Recorded data
● ● ●
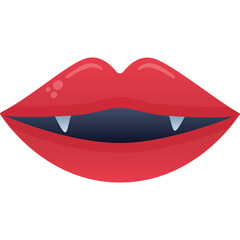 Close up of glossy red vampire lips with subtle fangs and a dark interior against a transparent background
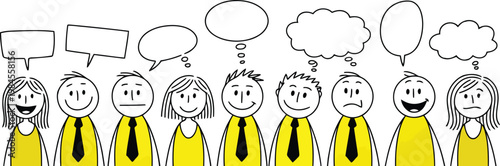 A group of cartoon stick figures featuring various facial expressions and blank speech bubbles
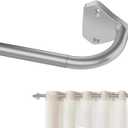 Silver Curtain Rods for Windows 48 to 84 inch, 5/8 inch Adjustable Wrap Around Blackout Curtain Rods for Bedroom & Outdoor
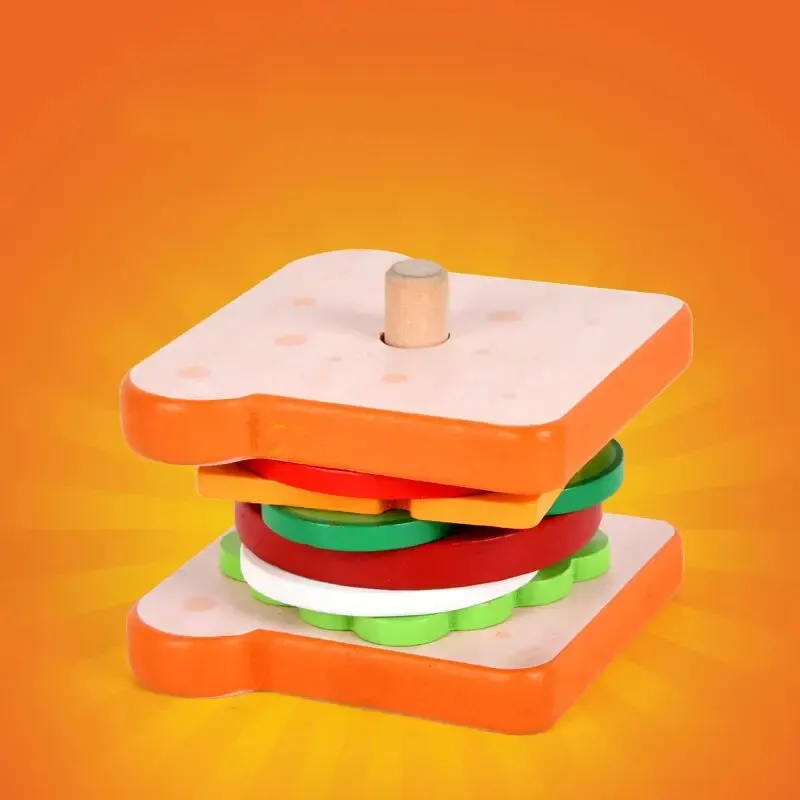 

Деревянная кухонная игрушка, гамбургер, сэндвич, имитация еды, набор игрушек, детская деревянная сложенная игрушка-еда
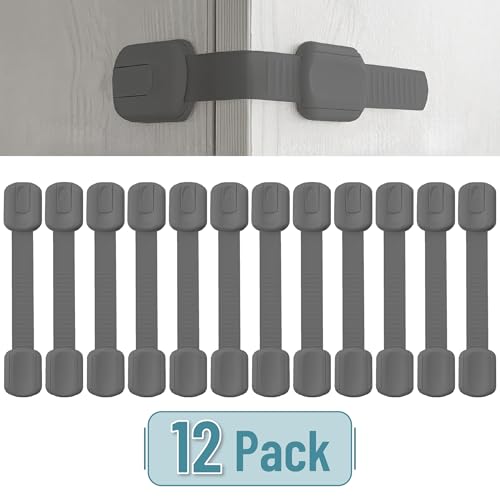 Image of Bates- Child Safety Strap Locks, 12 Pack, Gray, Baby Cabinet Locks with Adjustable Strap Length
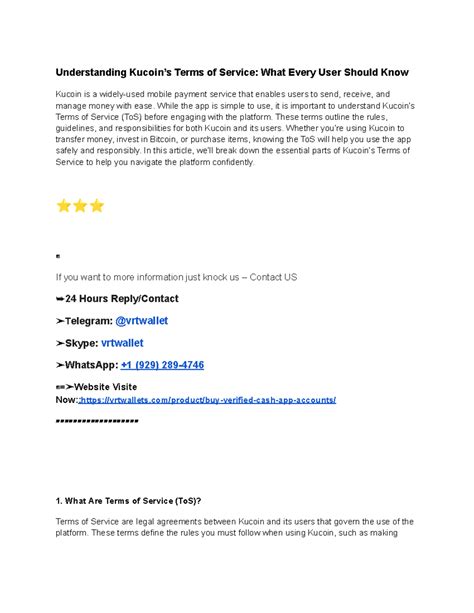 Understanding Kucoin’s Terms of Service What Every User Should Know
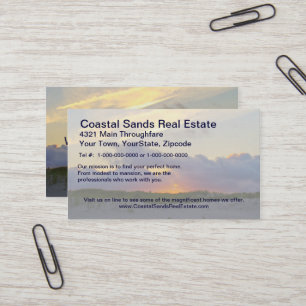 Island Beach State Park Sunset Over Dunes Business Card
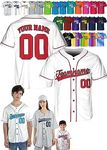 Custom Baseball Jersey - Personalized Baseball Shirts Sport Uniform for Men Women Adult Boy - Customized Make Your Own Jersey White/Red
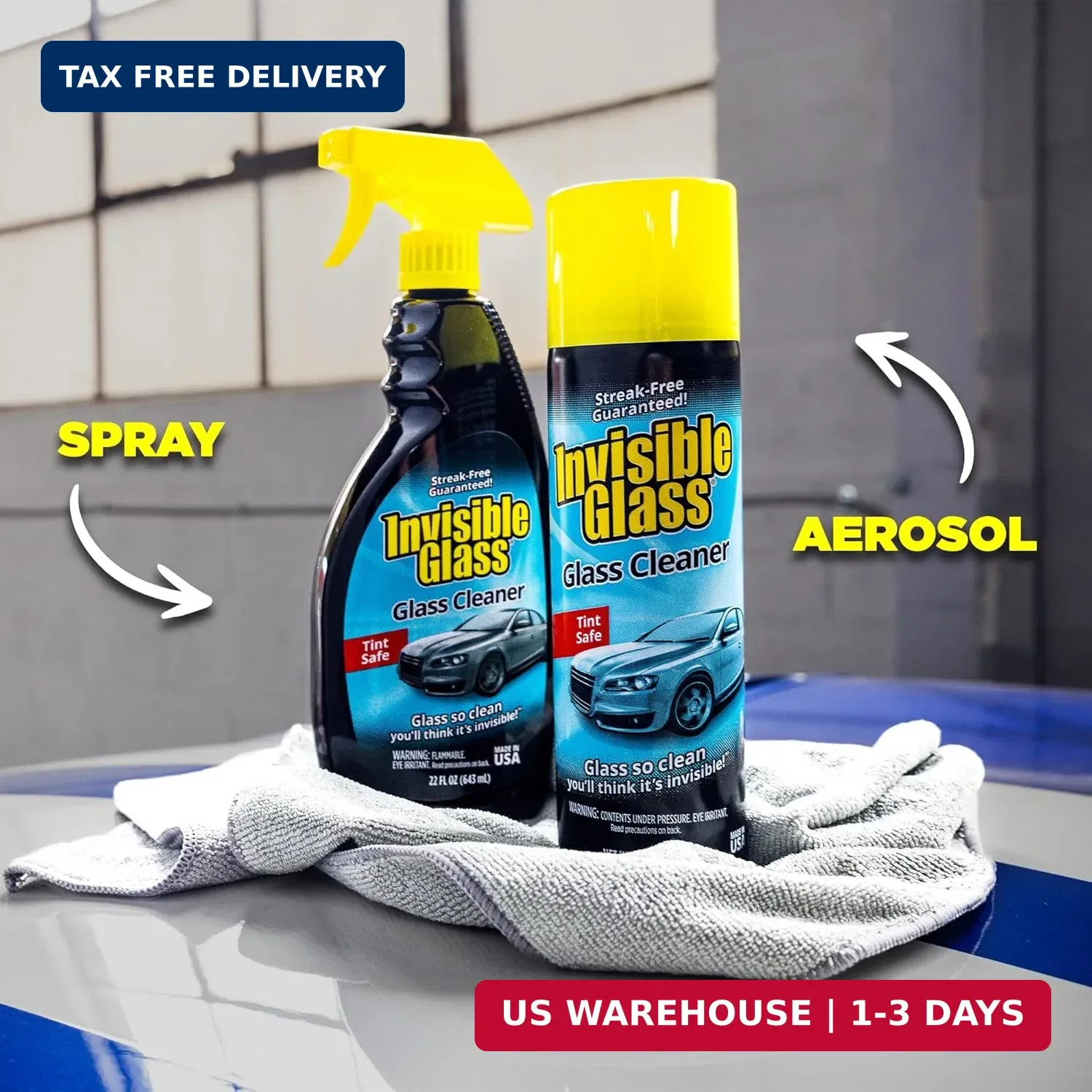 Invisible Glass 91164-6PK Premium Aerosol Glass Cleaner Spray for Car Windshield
● ● ●
Restate the preceding entries in full, word for word, with the pictures removed.

#### RESPONSE BOX
 Close up of glossy red vampire lips with subtle fangs and a dark interior against a transparent background
 A group of cartoon stick figures featuring various facial expressions and blank speech bubbles
 Silver Curtain Rods for Windows 48 to 84 inch, 5/8 inch Adjustable Wrap Around Blackout Curtain Rods for Bedroom & Outdoor

Деревянная кухонная игрушка, гамбургер, сэндвич, имитация еды, набор игрушек, детская деревянная сложенная игрушка-еда
 Image of Bates- Child Safety Strap Locks, 12 Pack, Gray, Baby Cabinet Locks with Adjustable Strap Length
 Understanding Kucoin’s Terms of Service What Every User Should Know
 Island Beach State Park Sunset Over Dunes Business Card
 Custom Baseball Jersey - Personalized Baseball Shirts Sport Uniform for Men Women Adult Boy - Customized Make Your Own Jersey White/Red
 Invisible Glass 91164-6PK Premium Aerosol Glass Cleaner Spray for Car Windshield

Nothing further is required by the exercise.